YOUR OBJECTIVE —
Retype only what runs from the line with "Author W. D. Valgardson" through the end of the entries, exactly and in full, but omit any picture you find.

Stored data
· · · · · · ·

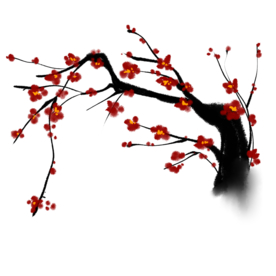 梅花素材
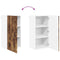 vidaXL Kitchen Wall Cabinet Smoked Oak 40 x 31 x 80 cm Engineered Wood
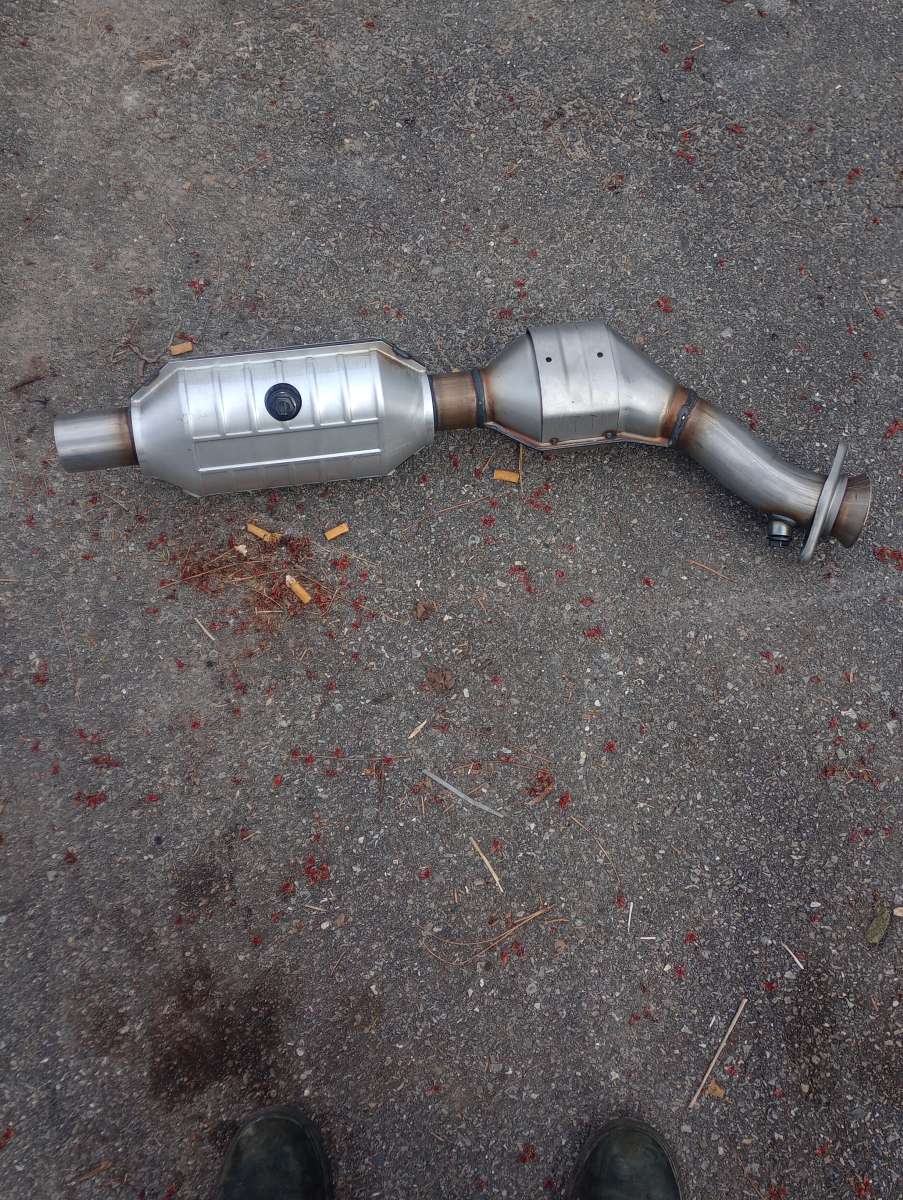 exhaust for 2003 Ford f150 from manifold to flange complete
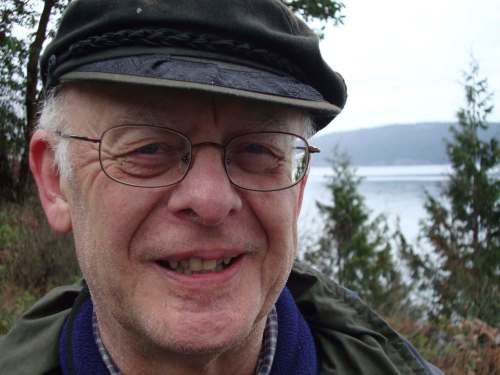 Author W. D. Valgardson
photo by Janis O&rsquo;Magnusson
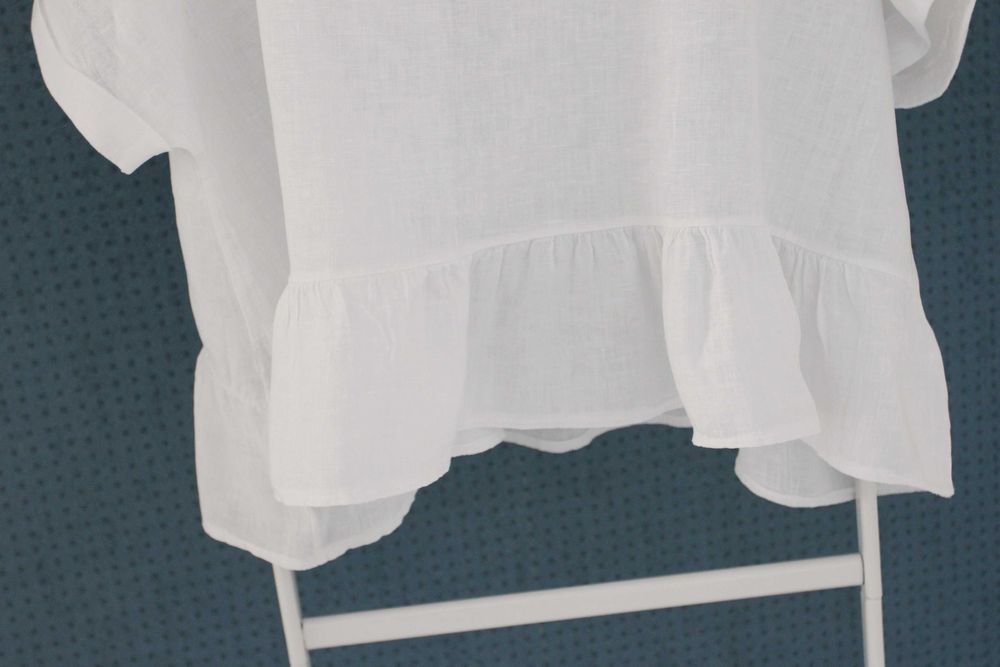 100% len Unisono czysta biel S-XL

· · · · · · ·

EXERCISE OUTPUT —
 Author W. D. Valgardson
photo by Janis O&rsquo;Magnusson
 100% len Unisono czysta biel S-XL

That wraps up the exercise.